Edits, re-writes, self doubt and black cassis scones to see me through the day

It's been a very cold month, so far. So cold, I find myself freezing, as I sit at my desk going over endless rounds of edits on a trilogy that has had me going round like crazy for a while. I find myself craving all the hot drinks: every kind of tea, all the hot chocolate, piping hot roasted barley drinks, you name it. I want cosy, I want warm, I want silence and restfulness, so that I can focus my mind and work.

It hasn't been all that easy, to focus. I haven't touched my WIP in a month - give or take, as I did have a strange attack of ze muse midway through December and had to jot down an entire scene that wouldn't leave my mind. I find myself worried I can never go back to it, I've lost my mojo, I've lost touch with those characters and that story. Thankfully, I made sure I have it all stored away, on notebooks, on character sheets, pinterest moodboards, it's all there to help me get back into it, once I'm ready.

That is, once my Arthurian trilogy has gone through the current rounds of re-read, re-write, edits, I found myself needing to do. Since the moment I wrote the last line on the last volume of said trilogy, I haven't touched it again. Stored it away for good measure, put it out of my mind, simply because the voices in my head were no longer those. I had new characters inside me that shouted to come out, so I needed to give them people my undivided attention. I did just that, put away the others and focused on these nagging voices.

But then one day, I woke up with a need to get back to Camelot. I woke up with a desire to see if it was any good, what I'd done there, or if there were any salvageable bits and pieces. So I knew I had to get back to it, go through the entire trilogy, reassess all I'd done there, check if it was any good. The first thing I found out was scary. Both the first two books were huge. I mean HUGE. Over 170000 words. And they still are. I've combed through them with as fine toothed a comb as I could, and they still are enormous.

It's what always happens to me, I write way too much. Everyone who purpotes to know their beef around the writing, editing and publishing world keeps on about how you shouldn't leave a scene or a chapter or even a paragraph in your draft if it doesn't advance the plot. I, stubborn and stuck up as I am, beg to differ. I find it essencial to have those bits and pieces where the plot is not advancing, but the characters are closely shown to us. Like diving a little into their souls, their minds, their cores. I know this is a bit contrary to genre writing - which, in the end, is what I do, because of all the paranormal aspects of my stories - and more in line with literary works, where the insides of the characters are what matters most, some books not even having a plot.

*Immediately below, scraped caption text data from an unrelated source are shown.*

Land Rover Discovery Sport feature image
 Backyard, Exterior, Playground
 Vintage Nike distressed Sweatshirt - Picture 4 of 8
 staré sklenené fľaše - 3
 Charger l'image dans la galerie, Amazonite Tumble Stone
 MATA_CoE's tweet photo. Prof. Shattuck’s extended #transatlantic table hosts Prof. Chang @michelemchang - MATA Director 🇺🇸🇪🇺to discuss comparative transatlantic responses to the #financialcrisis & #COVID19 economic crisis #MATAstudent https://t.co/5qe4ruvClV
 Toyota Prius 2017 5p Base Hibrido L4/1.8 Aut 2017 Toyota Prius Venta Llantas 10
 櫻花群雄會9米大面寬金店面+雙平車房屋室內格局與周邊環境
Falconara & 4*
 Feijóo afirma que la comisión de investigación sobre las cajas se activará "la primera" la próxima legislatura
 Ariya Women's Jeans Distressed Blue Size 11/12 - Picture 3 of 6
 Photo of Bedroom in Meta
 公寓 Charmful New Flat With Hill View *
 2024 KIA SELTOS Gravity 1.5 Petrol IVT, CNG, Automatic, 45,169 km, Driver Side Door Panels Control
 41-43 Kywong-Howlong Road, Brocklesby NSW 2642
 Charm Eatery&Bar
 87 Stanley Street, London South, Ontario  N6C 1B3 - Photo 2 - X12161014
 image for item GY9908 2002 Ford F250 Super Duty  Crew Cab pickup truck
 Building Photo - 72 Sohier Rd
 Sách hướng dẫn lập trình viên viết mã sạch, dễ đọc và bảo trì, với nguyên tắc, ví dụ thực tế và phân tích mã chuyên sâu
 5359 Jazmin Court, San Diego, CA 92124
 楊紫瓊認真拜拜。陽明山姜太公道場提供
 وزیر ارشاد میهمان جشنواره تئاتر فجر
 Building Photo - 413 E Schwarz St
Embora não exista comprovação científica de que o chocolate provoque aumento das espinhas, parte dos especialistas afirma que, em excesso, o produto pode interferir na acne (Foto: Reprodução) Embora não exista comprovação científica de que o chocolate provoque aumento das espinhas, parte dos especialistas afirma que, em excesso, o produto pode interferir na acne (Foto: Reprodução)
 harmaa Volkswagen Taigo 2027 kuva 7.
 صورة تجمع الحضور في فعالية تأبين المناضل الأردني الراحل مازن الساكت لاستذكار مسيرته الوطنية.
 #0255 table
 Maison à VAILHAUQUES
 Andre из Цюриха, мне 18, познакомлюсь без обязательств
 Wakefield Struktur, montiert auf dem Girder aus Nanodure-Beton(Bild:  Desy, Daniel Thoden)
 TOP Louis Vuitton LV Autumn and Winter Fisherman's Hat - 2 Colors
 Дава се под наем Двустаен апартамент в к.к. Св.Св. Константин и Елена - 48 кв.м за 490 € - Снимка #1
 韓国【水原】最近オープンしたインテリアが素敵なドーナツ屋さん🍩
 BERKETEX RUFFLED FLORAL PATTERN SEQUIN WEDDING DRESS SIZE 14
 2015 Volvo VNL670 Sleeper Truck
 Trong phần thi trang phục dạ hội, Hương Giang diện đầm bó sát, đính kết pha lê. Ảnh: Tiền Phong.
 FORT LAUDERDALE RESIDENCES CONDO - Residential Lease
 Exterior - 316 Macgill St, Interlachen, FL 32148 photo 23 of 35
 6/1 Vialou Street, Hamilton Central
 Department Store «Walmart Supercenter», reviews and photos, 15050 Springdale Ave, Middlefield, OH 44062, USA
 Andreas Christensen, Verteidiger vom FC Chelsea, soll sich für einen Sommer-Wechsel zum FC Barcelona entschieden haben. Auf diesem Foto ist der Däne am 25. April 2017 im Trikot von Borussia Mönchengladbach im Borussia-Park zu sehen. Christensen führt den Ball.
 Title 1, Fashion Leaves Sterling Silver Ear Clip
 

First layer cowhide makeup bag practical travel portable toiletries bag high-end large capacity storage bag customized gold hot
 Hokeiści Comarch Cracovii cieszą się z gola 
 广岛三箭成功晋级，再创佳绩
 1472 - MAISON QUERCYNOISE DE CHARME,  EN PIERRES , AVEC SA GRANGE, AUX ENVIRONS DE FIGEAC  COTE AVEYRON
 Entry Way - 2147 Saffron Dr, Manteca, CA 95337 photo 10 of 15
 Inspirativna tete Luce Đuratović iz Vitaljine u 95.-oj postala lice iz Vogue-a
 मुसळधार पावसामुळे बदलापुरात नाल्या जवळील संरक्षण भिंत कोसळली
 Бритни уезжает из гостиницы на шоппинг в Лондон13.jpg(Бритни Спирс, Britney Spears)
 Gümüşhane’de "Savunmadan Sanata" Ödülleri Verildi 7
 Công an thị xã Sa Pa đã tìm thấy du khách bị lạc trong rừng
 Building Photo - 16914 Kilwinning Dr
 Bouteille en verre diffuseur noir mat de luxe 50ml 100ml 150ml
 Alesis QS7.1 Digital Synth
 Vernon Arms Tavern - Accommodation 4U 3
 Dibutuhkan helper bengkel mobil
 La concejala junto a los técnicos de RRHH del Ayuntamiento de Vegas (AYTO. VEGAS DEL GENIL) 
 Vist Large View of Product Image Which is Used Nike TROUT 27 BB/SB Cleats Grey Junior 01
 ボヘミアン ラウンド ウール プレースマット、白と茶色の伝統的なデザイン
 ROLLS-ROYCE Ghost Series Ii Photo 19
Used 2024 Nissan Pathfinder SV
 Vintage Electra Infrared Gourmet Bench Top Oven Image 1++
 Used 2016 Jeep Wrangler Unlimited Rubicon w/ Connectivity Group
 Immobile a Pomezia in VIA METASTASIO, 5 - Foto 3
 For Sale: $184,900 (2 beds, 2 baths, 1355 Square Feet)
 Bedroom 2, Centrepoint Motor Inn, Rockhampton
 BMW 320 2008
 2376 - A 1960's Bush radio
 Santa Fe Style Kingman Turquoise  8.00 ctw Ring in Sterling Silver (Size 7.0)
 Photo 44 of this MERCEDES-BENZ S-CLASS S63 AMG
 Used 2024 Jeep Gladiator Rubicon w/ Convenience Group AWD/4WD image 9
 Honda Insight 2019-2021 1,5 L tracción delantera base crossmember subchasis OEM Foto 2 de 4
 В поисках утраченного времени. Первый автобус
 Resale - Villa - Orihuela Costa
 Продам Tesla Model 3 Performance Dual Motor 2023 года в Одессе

So I found myself with a bit of a problem, because, if book one and two are huge, book three... not so much. Currently at 164000 words, I am aware - and was, at the time I finished it - I'd overlooked stuff, and left out entire scenes I needed to have in it. But those other voices, the story for another book, it kept luring me with its siren call, so I had to do what I did. Now, as I'm going through book three, I find myself having to add bits and pieces to the already existent chapters, and trying to figure out where the scenes I know I left out may fit. All the while going through the tedious process of constantly thinking no one's ever gonna like this, but me...

Not so with these scones. These won't be nay-sayed by anyone, I think. They're so yummy, and delicious, pipping hot and lathered with butter or jam!! Here's how to get them:
  • 60 gr sugar
  • 340 gr spelt flour
  • 30 gr margarine
  • 20 gr butter
  • 1 egg
  • 1 dl milk
  • 2 tspoons baking powder
  • 1 tspoon salt
  • 1 egg yolk
  • 1 scant cup of frozen black cassis

Sieve the flour and the baking powder into a bowl, add the rest of the ingredients and combine, gently kneading all together - do not knead it like bread, just amass the whole together until it binds. Pour it on a workbench that has been lightly floured and roll the dough into a sausage. Cut the roll in even pieces and set them on a baking tray covered with baking sheet. Beat the egg yolk and swab the scones with it (add a little water to make it easier) then just bake them on a pre-heated oven until they're blonde. Let cool over a wrack and enjoy them with a cup of tea and a little butter, or a lot of butter!


  1. You're not alone in wondering if what you're writing is going to be liked by anyone, Ruth. We all think that before sending it out into the world. Your scones look delicious.